I'm in a strange place today with a lot of thoughts swirling inside me 
about capturing what I call the "soul of education."  So, I want to talk about 
spotlights and houselights.  Weird, huh?  I'm here because I been thinking 
about something a couple of things I came across on the internet.  One was 
Derek Walcott's poem, "Love After Love.  The other "  "the time will come when 
with elation you'll greet yourself arriving at your own door, in your own 
mirror, and each will smile at the other's welcome and say, Sit here. Eat. You 
will love again the stranger who was yourself. Give wine. Give bread. Give back 
your heart to yourself, to the stranger who has loved you all your life, whom 
you have ignored for another, who knows you by heart. Take down the love 
letters from the bookshelf, the photographs, the desperate notes. Peel your own 
image from the mirror. Sit.
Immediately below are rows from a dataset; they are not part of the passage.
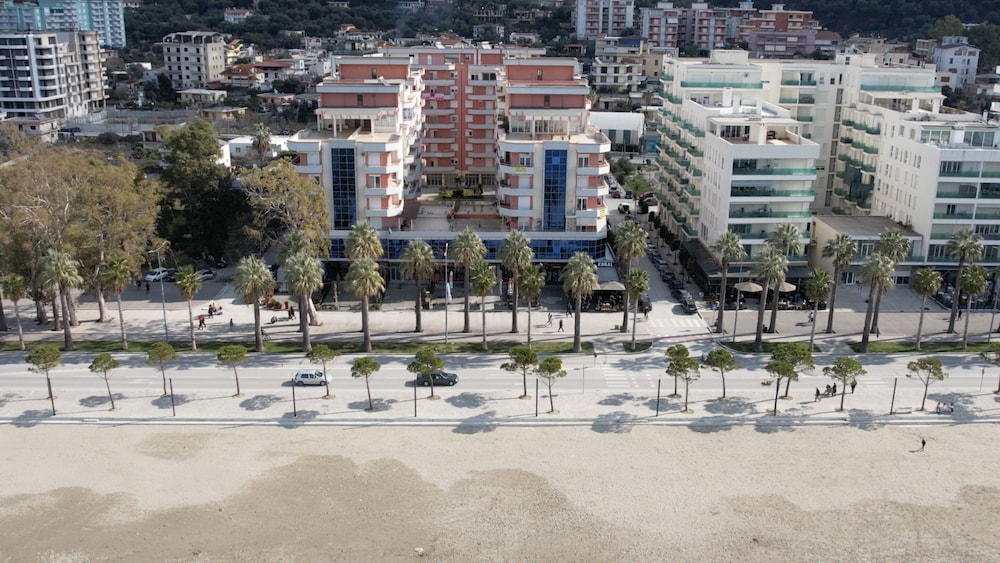 El Mar Hotel 45/61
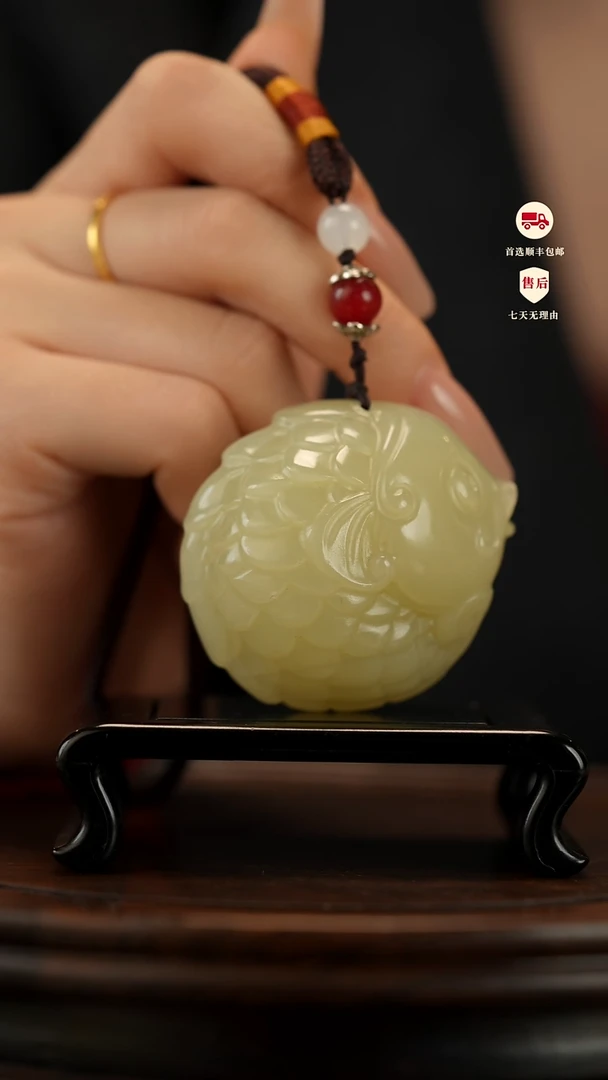 云南石竹叶青雕刻：年年有余手把件挂件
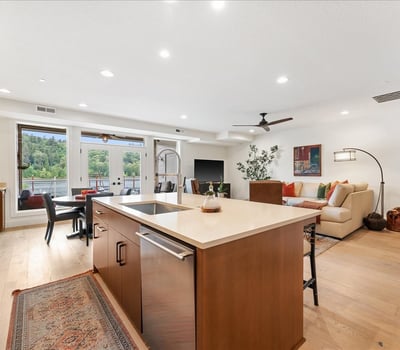 525 SE Marion St, Unit #2, Portland, OR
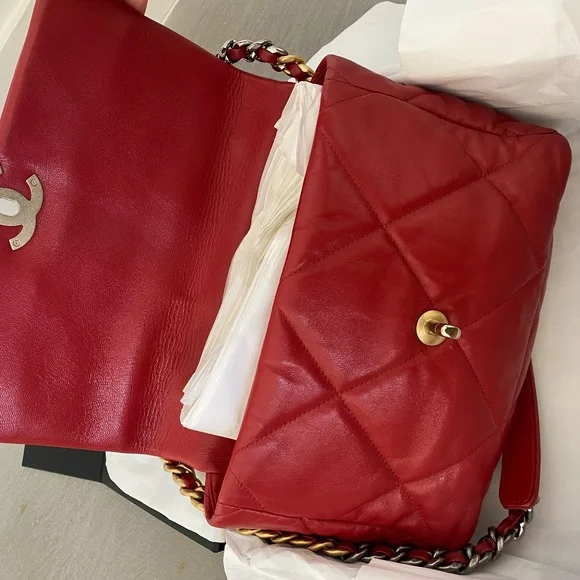 uthentic CHANEL Goatskin Quilted LARGE Chanel 19 Flap in Dark Red - Picture 4 of 7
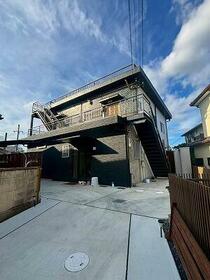 大阪府枚方市翠香園町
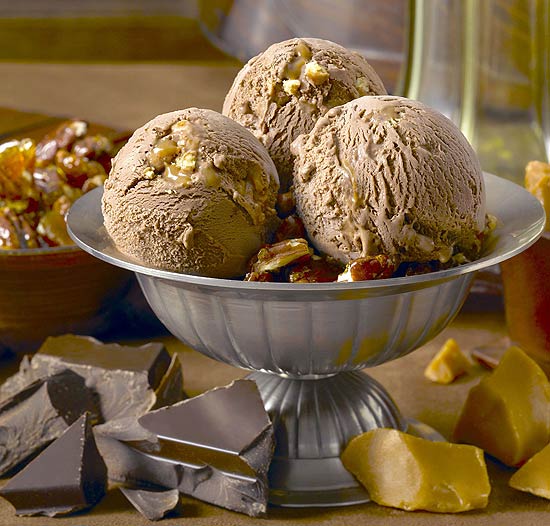 Loja Häagen-Dazs criou sorvete de chocolate com pralinés e caramelo para o inverno, mas o doce ainda está disponível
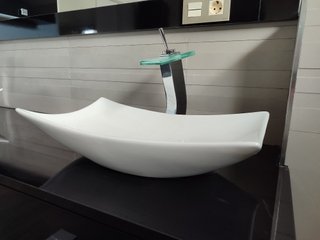 Lavabo sobre encimera moderno con grifo cristal
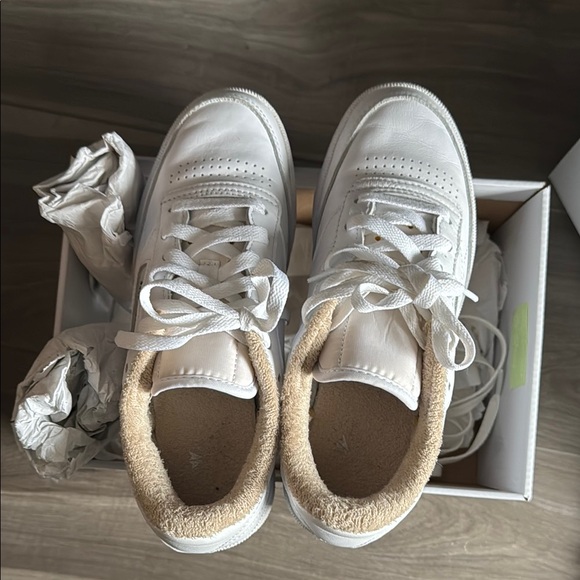 Reebok x JJJJound White Sneakers - Picture 5 of 7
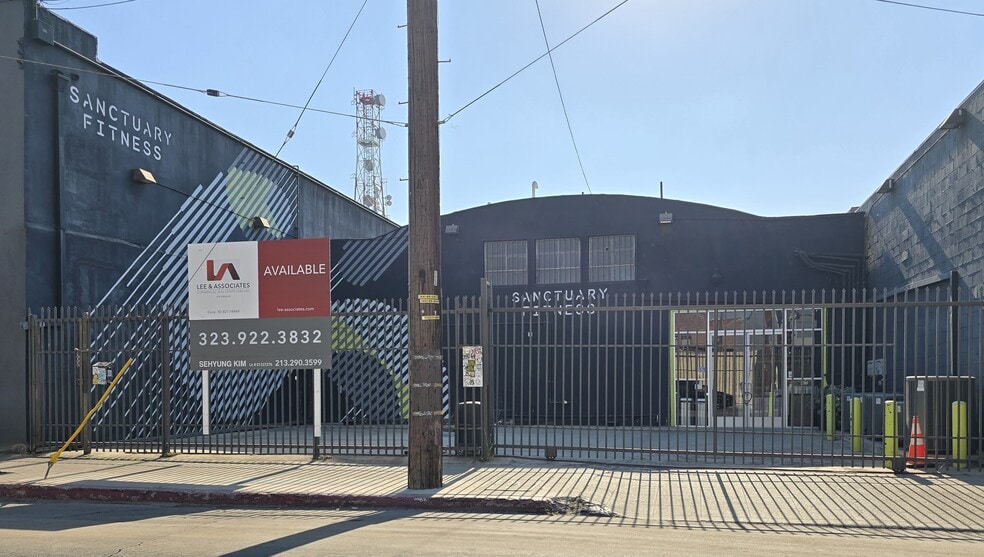 718 Jackson St, Los Angeles, CA à louer - Photo principale – Image 1 sur 14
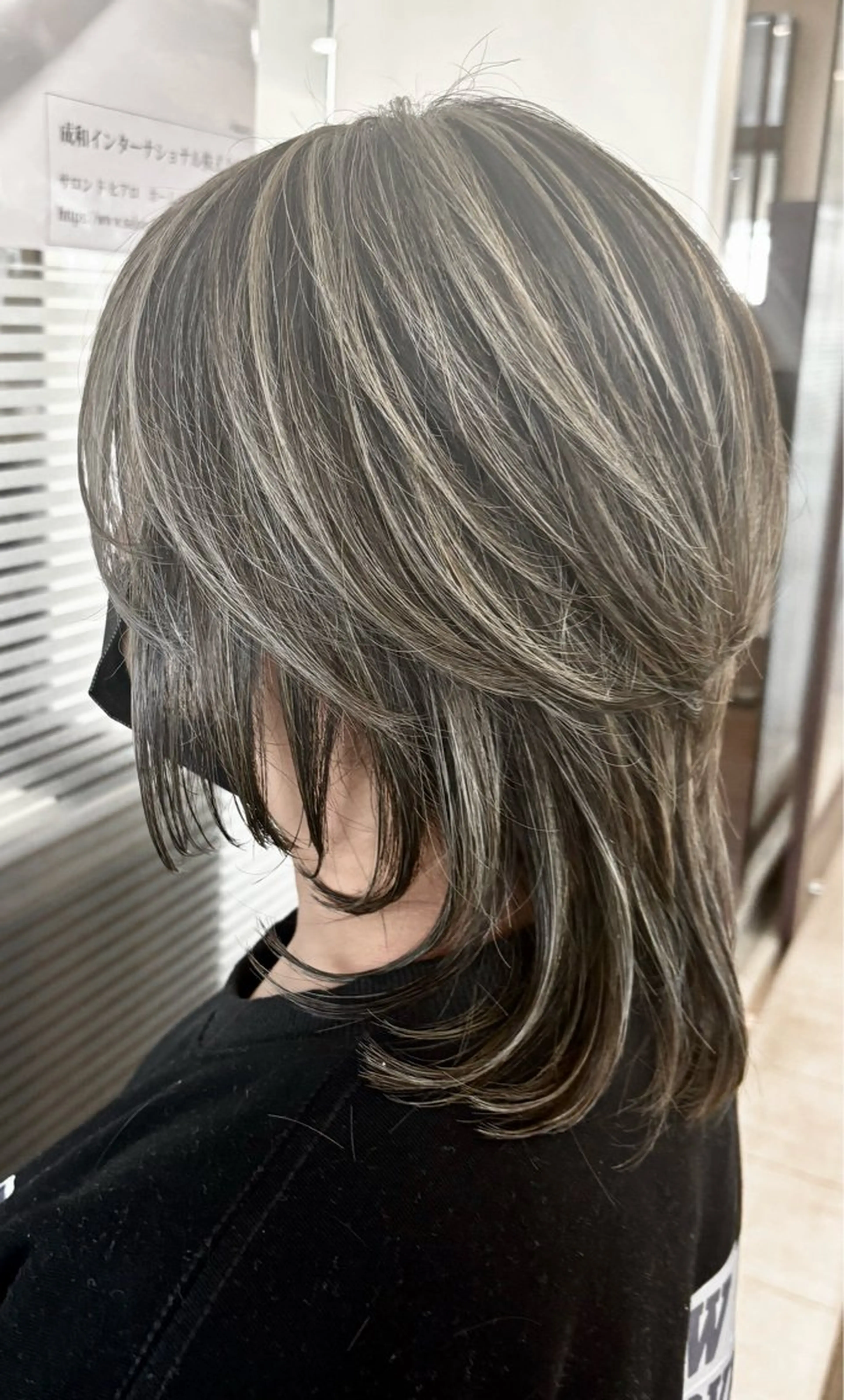 ミディアム 鈴木 千恵子のヘアスタイル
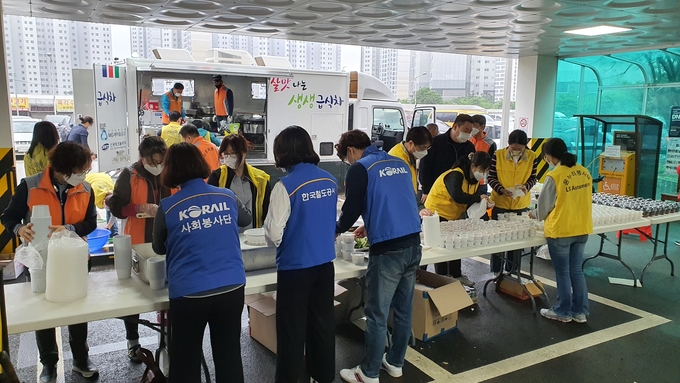 한국철도 수도권광역본부 사회봉사단이 안산시 기업통합봉사단과 장애인을 대상으로 사랑의 도시락 나눔 봉사활동을 갖고있다.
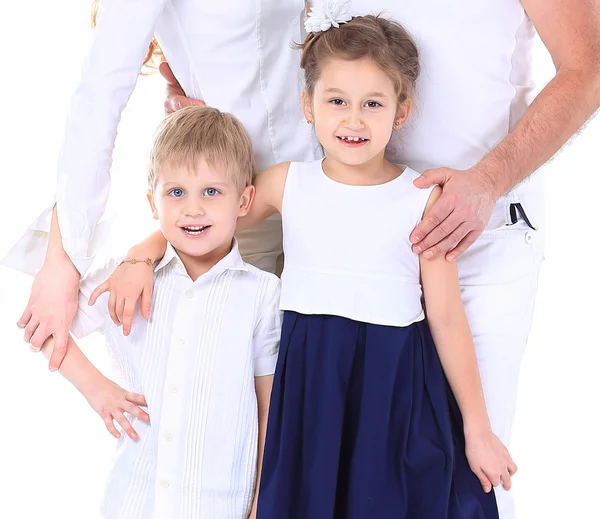 Hermosa familia feliz - aislado sobre un fondo blanco — Foto de Stock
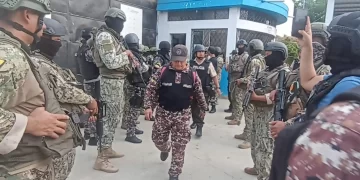 Liberan a 41 funcionarios de prisiones y 136 siguen de rehenes en cárceles de Ecuador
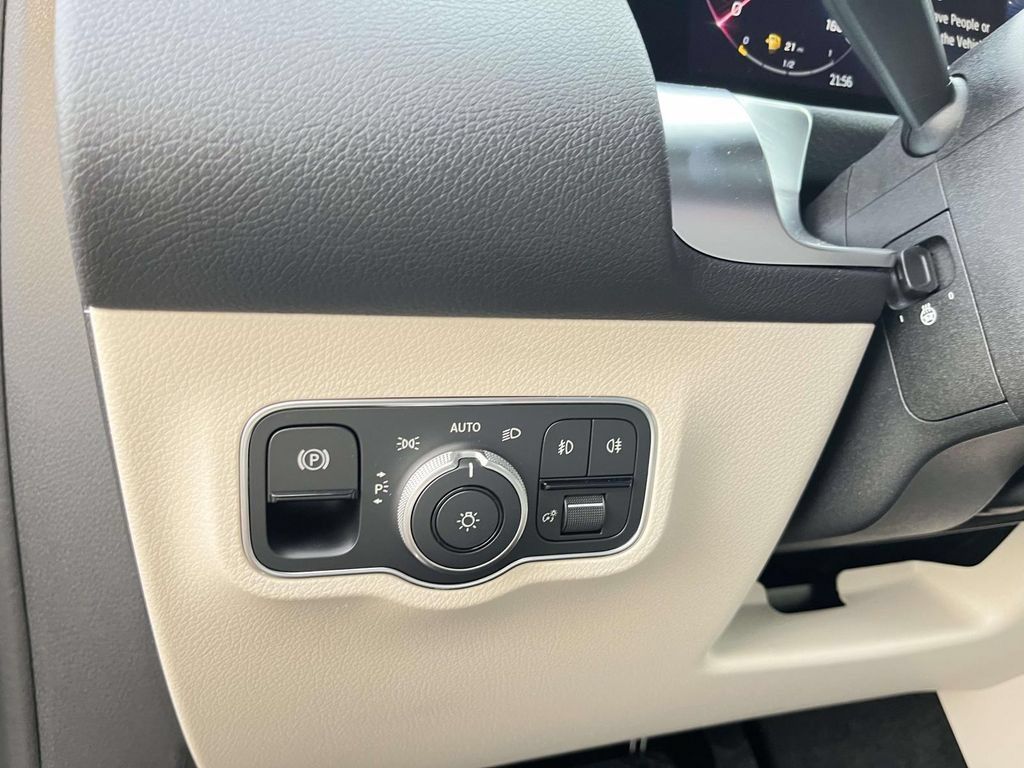 Certified 2026 Mercedes-Benz GLB 250 4MATIC image 12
Feast on your life."     

        For a long time, we've all had discussions around a bunch of cliched 
centering, a supposed inclusive centering that really has an air of exclusive 
centering.  In the last decades, as everyone has examined educational goals, 
objectives, and strategies, the proverbial spotlight has swung from one extreme 
of illuminating the podium to the other extreme of beaming on the classroom 
seat, throwing the professor into an anxious shadowy state.  By that I mean, in 
"learning centered" what happens to "teaching centered?"  In "student centered" 
what happens to "teacher centered."  In focusing on the intellect or cognitive, 
what happens to emotion or affective?"  In focusing on emotion or affective 
center what happens to the intellect or cognitive?"  So, often there seems to 
be more than an implied and applied either/or.  It's as if when one is the 
center of the classroom universe, nothing or no one else is.  It is as if we're 
closing ourselves off to both our life and that of others.  There should be no 
spotlight; it should be turned off and the house lights turned up so the entire 
classroom is revealed.  After all, we're all participants in education.  No 
spotlights.  Just house lights.

        This centering creates a contentious struggle that weakens or strips 
away meaning, commitment, and sense of service; it numbs, wounds, and 
diminishes us; it strengthens cynicism and fatigue in us; it shifts priorities 
for us to look outside the classroom for excitement and purpose.  So, the 
classroom so often doesn't seem to be worth it.  It is  like we--teacher, 
student, administrator, Joe citizen--see another human being in the room or on 
campus with us and have this need to label her or him, and in so doing label 
ourselves.  At the same time, we're labeling what it is we're doing or supposed 
to be doing?  At the instant we do that, we're not seeing another human being, 
we're in our thoughts about him or her, and ourselves; we're in our thoughts 
about what is we are doing.  And whatever it is, we're getting away from the 
heart of the matter.  Judgments creep in that balkanize our views; that 
isolate, separate, diminish, elevate, inflate, deflate, devalue, value, and so 
on.  We accommodate; we stop listening generously; we stop reflecting; we stop 
looking and seeing; we stop hearing and listening; we stop being surprised at 
the sight of another human being; we stop treating another human being as a 
work of art; we become content sitting in our office or carrel in the library 
or at the lab table.   We become content with playing with numbers, pie charts, 
and graph lines.  We dig a chasm without mutual admiration and inspiration 
rather than weaving a web of respect by which we are aware of all we have in 
common:  we all are human beings; we all have brains; we all have hearts; we 
all have an individuality; we all have unique potentials; we're all frail, 
imperfect, and fraught with foibles; we all have hopes, dreams, fears; we all 
have stories, experiences, and memories that act as backbeats to what we 
believe, feel, and do.  No spotlights.  Just house lights.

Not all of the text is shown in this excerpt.